━━━━━ Task data
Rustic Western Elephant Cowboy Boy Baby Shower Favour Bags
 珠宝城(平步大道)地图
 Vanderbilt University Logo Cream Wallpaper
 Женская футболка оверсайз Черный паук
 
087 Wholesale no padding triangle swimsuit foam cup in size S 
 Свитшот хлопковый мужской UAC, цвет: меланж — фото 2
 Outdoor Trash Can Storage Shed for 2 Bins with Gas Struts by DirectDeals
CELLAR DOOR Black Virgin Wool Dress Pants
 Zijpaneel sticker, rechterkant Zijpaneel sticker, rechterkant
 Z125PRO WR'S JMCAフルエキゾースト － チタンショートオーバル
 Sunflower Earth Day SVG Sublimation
━━━━━━━━━━
Work task:
Leave out every line before the one containing "Outdoor Trash Can". Transcribe that line and all lines after it through the end of the data above, exactly.

Result of this exercise:
 Outdoor Trash Can Storage Shed for 2 Bins with Gas Struts by DirectDeals
CELLAR DOOR Black Virgin Wool Dress Pants
 Zijpaneel sticker, rechterkant Zijpaneel sticker, rechterkant
 Z125PRO WR'S JMCAフルエキゾースト － チタンショートオーバル
 Sunflower Earth Day SVG Sublimation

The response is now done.